She said the challenges faced by the more than 20 young women enlisted by the CBO are varied with some of them asking to go back to school if given the chance. Rhoda however, said the charitable organisation dependent on friends’ donations are incapable of paying school fees for those who need to go back to school.
The CBO chairperson noted their charitable organisation has a home-based care programme for the vulnerable children whom some their parents died, others live with aged grandmothers or are homeless.
She however admits that the little donations from friends can’t accommodate overwhelming demand for help from vulnerable women and children who are in their support.
Lilian Ogilo, a 17 years old woman with a two year old kid thought marriage could solve her problems when she lost both parents two years ago. She said nobody volunteered to pay her fees but opted for a major step she thought could help; marriage.
Ogilo now stays with her grandmother after she opted out of marriage. She is supposed to work hard and provide for her child and her aged grandmother.
She said Blessed Generation CBO has taught her small businesses skills for instances mixing liquid soap and how to sell to target customers.
Millicent Achieng says her only surviving brother whom she hoped could help her accomplish her education was killed in 2017 in Ogwedhi Masai by unknown assailants.
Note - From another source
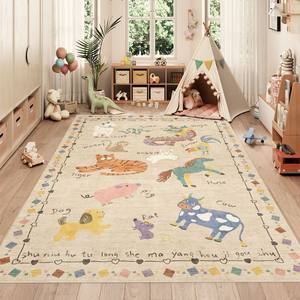 Alfombra para Sala <span class=keywords><strong>de</strong></span> Estar, Nuevo Estilo, Decoración para Habitación Infantil, Alfombra Infantil con Dibujos Animados <span class=keywords><strong>de</strong></span> Animales, Impermeable y Resistente a <span class=keywords><strong>las</strong></span> Manchas - Product Image 1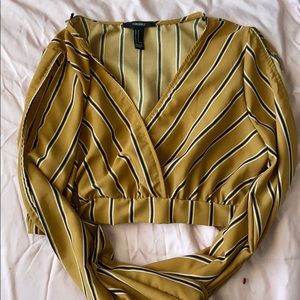 Striped V Neck Blouse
She says she can’t abandon her marriage despite the challenges since the parents died while she was young.
She thanks Blessed Generation for moral, spiritual and material support which has made her overcome various marriage challenges.
Ojijo concludes that many young vulnerable women are silently suffering in marriages with others experiencing perpetual domestic violence which can easily result in mental disorder or permanent disability.
She says the society risks a greater percentage of unproductive young families if action is not taken to find how to end what contributes to rushed early marriages and give possible solutions.